How to Prevent Ski Injuries

Many winter sports enthusiasts love skiing, but this daring pastime isn’t without its dangers. Proper safety on the slopes can mean the difference between enjoying the beautiful après-ski nightlife – and being stuck in a sling or a cast. Every year in the United States alone, 40 people will lose their lives from skiing and snowboarding accidents, and according to Johns Hopkins researchers, around 600,000 people suffer injuries due to these two winter sports.
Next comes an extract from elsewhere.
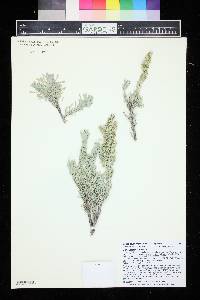 Artemisia tridentata image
When you fall, what’s your first instinct? Chances are it’s to put out your arms; this classic response comes from a fear of falling on our faces. However, putting out one’s arms to break a fall when skiing can result in severe injuries such as shoulder dislocations and sprains, or “skiers thumb” – which derives its name from the way an athlete holds his poles. The Anterior Cruciate Ligament – better known as the ACL, is the main ligament of the knee and another frequent target for pain when out on the powder. According to skiing enthusiast publication Liftopia, more than 20,000 skiers incur an ACL injury every year.

The experts who treat orthopaedic injuries are often the best sources of advice for avoiding these types of blunders. There are a few simple precautions you can take to ensure that you don’t wind up in a terrible ski scenario.

Lindsey Vonn wouldn’t get out on the slopes without sticking to a strict health regimen all year. In order to participate in a challenging sport such as skiing, it’s vital to maintain optimal health during warmer months, too. If you’re feeling rusty when winter rolls around, stick to bunny (beginner) trails before working your way up so you don’t overexert yourself.

As with any sport, warming up is absolutely essential; the need increases when sports and cold temperatures are combined. Because a simple warm up like jogging or jumping jacks increases the blood flow to muscles, it can prevent injuries. A “cold” muscle, on the other hand, is much more prone to tears. According to a study done by the National Institutes of Health, when muscle temperature drops below 32°C, less energy is required to cause muscle tears.

When athletes are on the tennis court or golf course, hydration is second nature. When the temperatures drop, people tend to assume that they’re not sweating – so, there’s no need to replenish fluids. This simply isn’t the case. The American Academy of Orthopaedic Surgeons debunks this myth – stating that “even moderate levels of dehydration can affect physical ability and endurance.” If you’re trying to reduce the number of bathroom breaks you take; think very carefully. You may want to consider packing a Camelback or other portable hydration system, and starting your day with a hydrating beverage (rather than your cup of Joe).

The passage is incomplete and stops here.